ハイスペ御曹司で年下幼馴染の山田一郎が誘ってくる送迎を断ったら、とんでもない目に遭った件

見透かされてた

一郎は整った眉根を寄せると、そのきれいな顔に似つかわしくない(とげ)のある口調で言った。


茉莉(まり)、やっぱりな。
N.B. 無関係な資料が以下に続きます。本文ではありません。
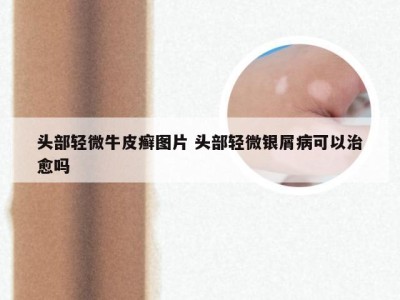头部轻微牛皮癣图片 头部轻微银屑病可以治愈吗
俺を避けて早く会社に行こうとしてただろ」

「ゔっ……!」


行動を読まれていた私は、バツが悪くてそっぽを向いた。


「先を見越して待ってて正解だったな」


一郎は自分の判断に満足したのかニヤリとして、ここ最近毎日かけている新品の眼鏡を押し上げた。

茉莉茉莉って! 
いつのまにやら私のことはすっかり呼び捨てだ。
三つも年下のくせに、なにかと上から目線な一郎が私は気に入らない。
他の人には紳士的に対応するくせに。
だから私は口をとがらせた。


「だって一郎が車で送ってくれると大変なんだよ」


一郎は怪訝(けげん)な顔をする。――といっても偏光グラスの眼鏡のせいで表情の半分は隠れてよくわからないけど。

なんで私が大変なのか、おぼっちゃん育ちの一郎には、きっと思いもよらないよね。